> **TASK PROMPT**
Look below for the line with "Lovely Holiday Home", then give it again exactly, along with every line that comes after it, the final line included.

> **SUPPLIED MATERIAL**
[Start of section]

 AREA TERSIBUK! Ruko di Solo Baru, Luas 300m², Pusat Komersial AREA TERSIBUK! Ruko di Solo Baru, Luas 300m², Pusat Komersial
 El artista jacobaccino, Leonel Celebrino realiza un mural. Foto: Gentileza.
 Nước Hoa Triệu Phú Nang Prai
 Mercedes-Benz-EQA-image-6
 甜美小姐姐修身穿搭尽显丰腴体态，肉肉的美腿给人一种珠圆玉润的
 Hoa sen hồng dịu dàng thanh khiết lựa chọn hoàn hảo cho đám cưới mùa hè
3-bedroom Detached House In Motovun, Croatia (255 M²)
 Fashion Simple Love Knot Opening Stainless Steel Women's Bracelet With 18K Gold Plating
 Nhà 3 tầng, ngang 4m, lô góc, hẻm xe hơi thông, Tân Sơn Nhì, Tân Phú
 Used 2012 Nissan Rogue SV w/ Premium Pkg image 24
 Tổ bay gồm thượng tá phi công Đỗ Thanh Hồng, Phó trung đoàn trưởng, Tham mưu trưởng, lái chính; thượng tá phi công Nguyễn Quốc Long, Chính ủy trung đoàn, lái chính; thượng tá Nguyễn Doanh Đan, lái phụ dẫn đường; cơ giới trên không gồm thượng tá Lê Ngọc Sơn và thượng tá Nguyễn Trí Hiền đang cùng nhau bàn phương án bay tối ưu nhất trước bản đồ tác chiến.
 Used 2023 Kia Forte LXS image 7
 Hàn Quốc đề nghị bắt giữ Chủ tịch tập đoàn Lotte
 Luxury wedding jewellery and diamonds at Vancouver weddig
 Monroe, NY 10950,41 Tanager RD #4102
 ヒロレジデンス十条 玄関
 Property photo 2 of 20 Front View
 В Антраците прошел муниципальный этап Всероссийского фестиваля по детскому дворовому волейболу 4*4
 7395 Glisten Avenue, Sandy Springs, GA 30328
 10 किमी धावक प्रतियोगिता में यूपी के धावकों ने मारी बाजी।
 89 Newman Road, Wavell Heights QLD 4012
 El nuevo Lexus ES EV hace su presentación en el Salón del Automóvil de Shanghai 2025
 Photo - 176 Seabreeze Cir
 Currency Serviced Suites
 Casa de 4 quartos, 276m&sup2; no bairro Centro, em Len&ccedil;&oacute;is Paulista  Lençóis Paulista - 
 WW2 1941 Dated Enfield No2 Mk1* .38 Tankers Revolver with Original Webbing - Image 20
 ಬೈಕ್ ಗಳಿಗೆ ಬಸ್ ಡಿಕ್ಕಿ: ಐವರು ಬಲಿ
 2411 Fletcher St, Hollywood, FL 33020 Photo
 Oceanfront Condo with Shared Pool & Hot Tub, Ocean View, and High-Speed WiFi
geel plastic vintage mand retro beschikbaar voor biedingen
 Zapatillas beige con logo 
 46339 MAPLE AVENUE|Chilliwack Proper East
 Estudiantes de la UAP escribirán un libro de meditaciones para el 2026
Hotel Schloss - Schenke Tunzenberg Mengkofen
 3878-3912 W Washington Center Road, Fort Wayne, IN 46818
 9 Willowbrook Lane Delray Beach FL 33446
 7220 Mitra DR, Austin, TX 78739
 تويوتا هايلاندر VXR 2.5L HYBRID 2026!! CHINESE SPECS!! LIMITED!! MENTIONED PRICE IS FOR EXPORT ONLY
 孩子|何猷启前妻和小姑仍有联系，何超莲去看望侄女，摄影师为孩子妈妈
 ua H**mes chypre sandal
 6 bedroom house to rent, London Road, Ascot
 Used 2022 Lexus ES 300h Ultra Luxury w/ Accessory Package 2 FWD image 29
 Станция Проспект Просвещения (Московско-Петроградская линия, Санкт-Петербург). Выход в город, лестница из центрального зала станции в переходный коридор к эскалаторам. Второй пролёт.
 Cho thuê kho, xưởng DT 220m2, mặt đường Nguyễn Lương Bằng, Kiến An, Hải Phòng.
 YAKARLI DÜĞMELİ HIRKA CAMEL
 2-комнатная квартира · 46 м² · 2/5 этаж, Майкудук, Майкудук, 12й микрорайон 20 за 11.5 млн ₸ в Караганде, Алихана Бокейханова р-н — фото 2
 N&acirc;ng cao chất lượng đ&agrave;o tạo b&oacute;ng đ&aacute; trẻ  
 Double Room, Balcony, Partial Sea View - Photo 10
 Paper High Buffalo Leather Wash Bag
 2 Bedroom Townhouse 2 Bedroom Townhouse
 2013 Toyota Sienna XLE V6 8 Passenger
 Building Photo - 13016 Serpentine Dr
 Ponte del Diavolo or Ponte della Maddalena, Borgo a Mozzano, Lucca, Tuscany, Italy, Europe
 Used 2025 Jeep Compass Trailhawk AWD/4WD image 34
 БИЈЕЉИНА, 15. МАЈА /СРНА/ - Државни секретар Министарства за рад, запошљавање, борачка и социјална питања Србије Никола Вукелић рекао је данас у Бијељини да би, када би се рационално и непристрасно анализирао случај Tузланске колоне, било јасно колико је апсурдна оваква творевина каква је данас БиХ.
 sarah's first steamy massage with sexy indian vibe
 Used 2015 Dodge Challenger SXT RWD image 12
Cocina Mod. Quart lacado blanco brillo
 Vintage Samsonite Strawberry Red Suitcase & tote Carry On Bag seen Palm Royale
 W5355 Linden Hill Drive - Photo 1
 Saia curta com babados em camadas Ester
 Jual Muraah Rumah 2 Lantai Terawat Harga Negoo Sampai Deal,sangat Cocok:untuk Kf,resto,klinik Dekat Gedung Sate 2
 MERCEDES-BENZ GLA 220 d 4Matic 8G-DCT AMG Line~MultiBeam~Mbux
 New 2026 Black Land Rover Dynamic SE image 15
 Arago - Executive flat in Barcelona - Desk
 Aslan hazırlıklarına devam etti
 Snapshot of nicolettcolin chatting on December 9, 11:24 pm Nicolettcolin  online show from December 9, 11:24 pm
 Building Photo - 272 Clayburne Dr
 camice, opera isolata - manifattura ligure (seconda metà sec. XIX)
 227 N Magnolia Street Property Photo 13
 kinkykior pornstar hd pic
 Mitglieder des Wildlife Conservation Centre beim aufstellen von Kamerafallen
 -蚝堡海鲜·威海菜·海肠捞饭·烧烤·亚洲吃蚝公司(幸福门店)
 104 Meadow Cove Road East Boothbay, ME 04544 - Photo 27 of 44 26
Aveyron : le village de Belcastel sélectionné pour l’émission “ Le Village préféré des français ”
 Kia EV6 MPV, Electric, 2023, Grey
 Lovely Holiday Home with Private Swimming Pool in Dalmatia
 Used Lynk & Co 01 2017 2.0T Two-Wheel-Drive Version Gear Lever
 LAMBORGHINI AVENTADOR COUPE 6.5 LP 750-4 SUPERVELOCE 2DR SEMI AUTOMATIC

[End of section]

> **SOLUTION BELOW**
 Lovely Holiday Home with Private Swimming Pool in Dalmatia
 Used Lynk & Co 01 2017 2.0T Two-Wheel-Drive Version Gear Lever
 LAMBORGHINI AVENTADOR COUPE 6.5 LP 750-4 SUPERVELOCE 2DR SEMI AUTOMATIC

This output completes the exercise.